ESPN analyst: Watkins among the elite WR prospects in the past decade

Sammy Watkins

CLEMSON - The list goes Calvin Johson, then A.J. Green, then Julio Jones on the same line with Sammy Watkins.

That's the 10-year pecking order ESPN NFL Draft analyst Todd McShay shared on Monday's conference call with reporters following up on last weekend's draft, which helps to justify the Bills trading away first- and fourth-round selections in next year's draft to secure the former Clemson superstar wide receiver.

"They did give up a lot," McShay said. "But I think the Bills realize they've got a young quarterback in EJ Manuel who needs weapons around him."

McShay identified Watkins as one of this year's four "elite" players available to be picked, along with defensive end Jadeveon Clowney, linebacker Khalil Mack and offensive lineman Greg Robinson.

Being the only offensive skill player in the group, the Bills felt they couldn't wait to move up from No. 9 to No. 4, trading assets to Cleveland for the rights to Watkins.

"He can be that kind of playmaker," McShay said. "I don't know that I would have made the trade, I know it's giving up a lot, but it's very clear there is urgency to put playmakers around EJ Manuel."

A popular opinion among writers and prognosticators since Watkins' Thursday selection is that he's a good player, but might not be worth the price tag.
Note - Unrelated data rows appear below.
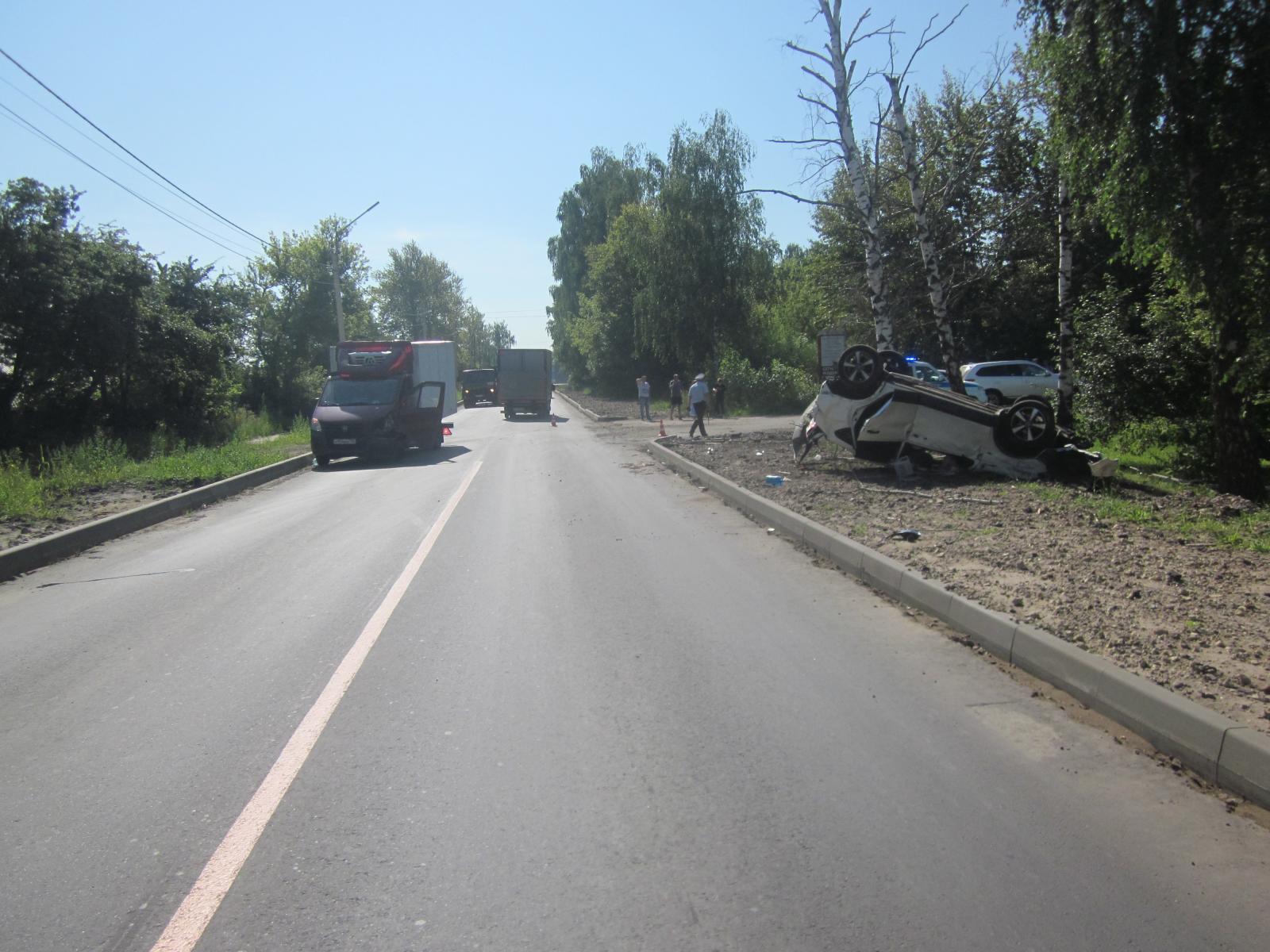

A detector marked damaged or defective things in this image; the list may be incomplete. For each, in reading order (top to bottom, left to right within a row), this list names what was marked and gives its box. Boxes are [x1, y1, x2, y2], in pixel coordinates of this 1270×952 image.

exposed car wheel [832, 346, 883, 398]
exposed car wheel [876, 349, 908, 376]
overturned white car [794, 346, 1080, 479]
exposed car wheel [997, 398, 1054, 457]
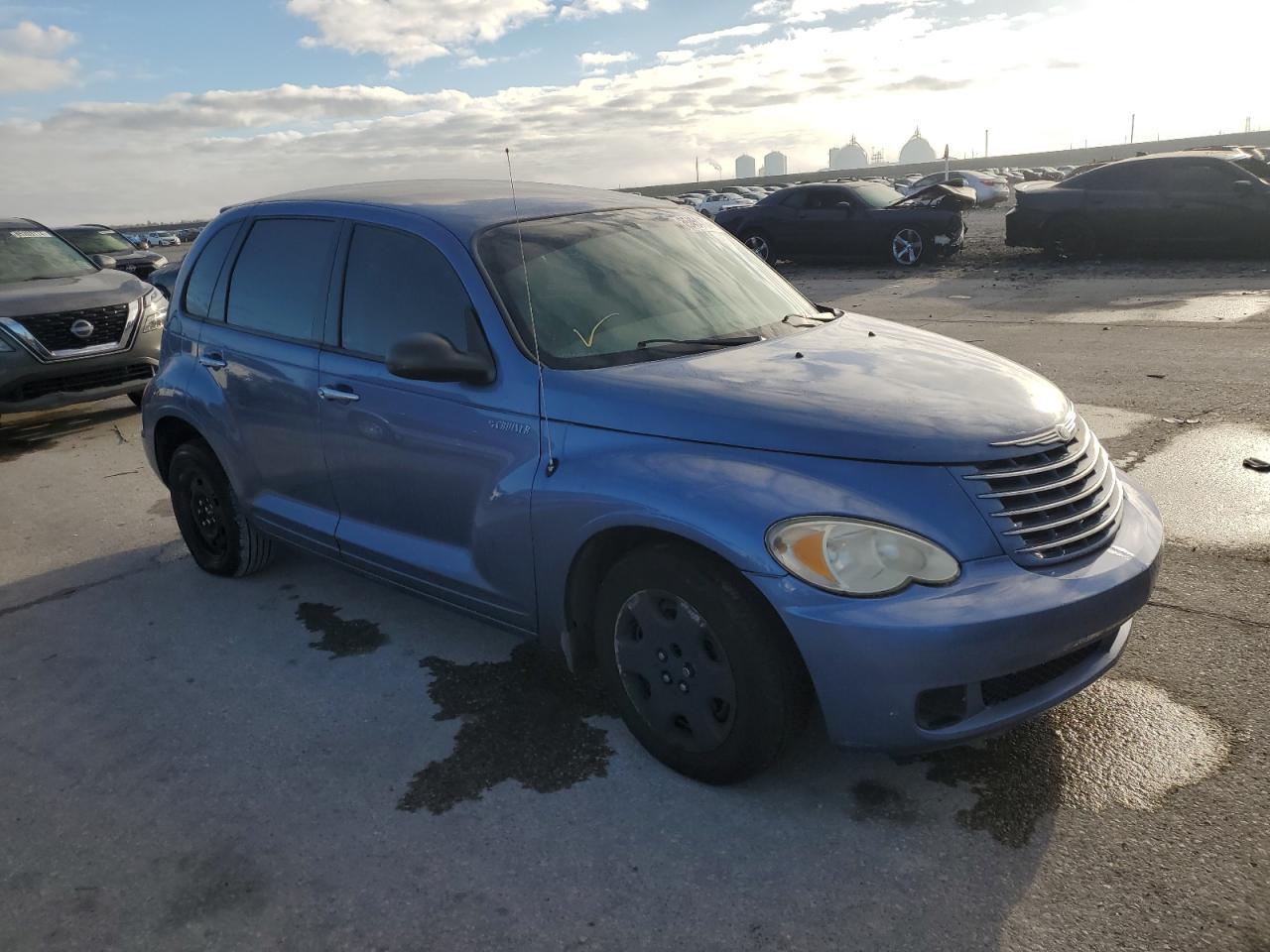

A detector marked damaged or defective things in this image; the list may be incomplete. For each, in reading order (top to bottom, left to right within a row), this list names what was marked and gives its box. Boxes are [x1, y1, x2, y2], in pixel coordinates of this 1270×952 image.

damaged car [715, 179, 969, 265]
asphalt patch [294, 606, 388, 659]
asphalt patch [396, 642, 614, 812]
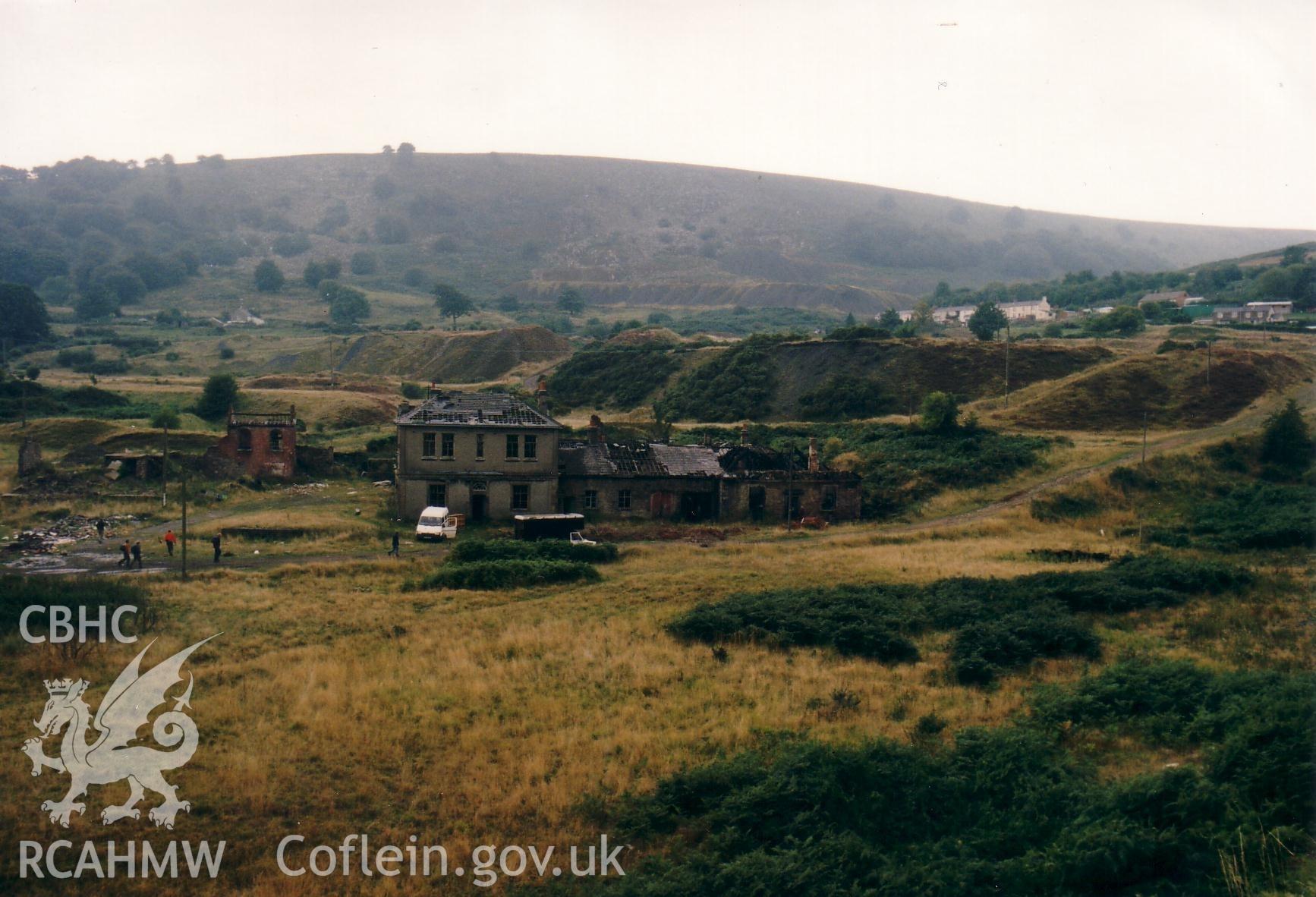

That's the pressure bound upon the Tigers' two-time first-team All-American.

If McShay's correct in how he rates Watkins among the best wide receivers prospects he's graded in the past decade, Watkins might prove he was.

"Obviously, Calvin Johnson's a high bar - but if he can be a Julio Jones or A.J. Green, that kind of playmaker," McShay said, "then I think Buffalo will look back on it and believe he's worth every bit they had to give up to go get him."

The only other Clemson product McShay was asked about, receiver Martavis Bryant, was a fourth-round pick of the Steelers. Bryant will look to develop into a favorite target for Ben Roethlisberger.

Bryant slid from his ceiling (second-round projection) due to questions about his focus and lack of career exposure, but his 6-3 frame and 4.4 40-yard-dash speed were tantalizing to Pittsburgh.

"There's some boom and bust there. But when you're getting him in the fourth round, you're not worried so much about the risk factor," McShay said. "If he focuses and does all the right things, he could wind up being a real steal from this class."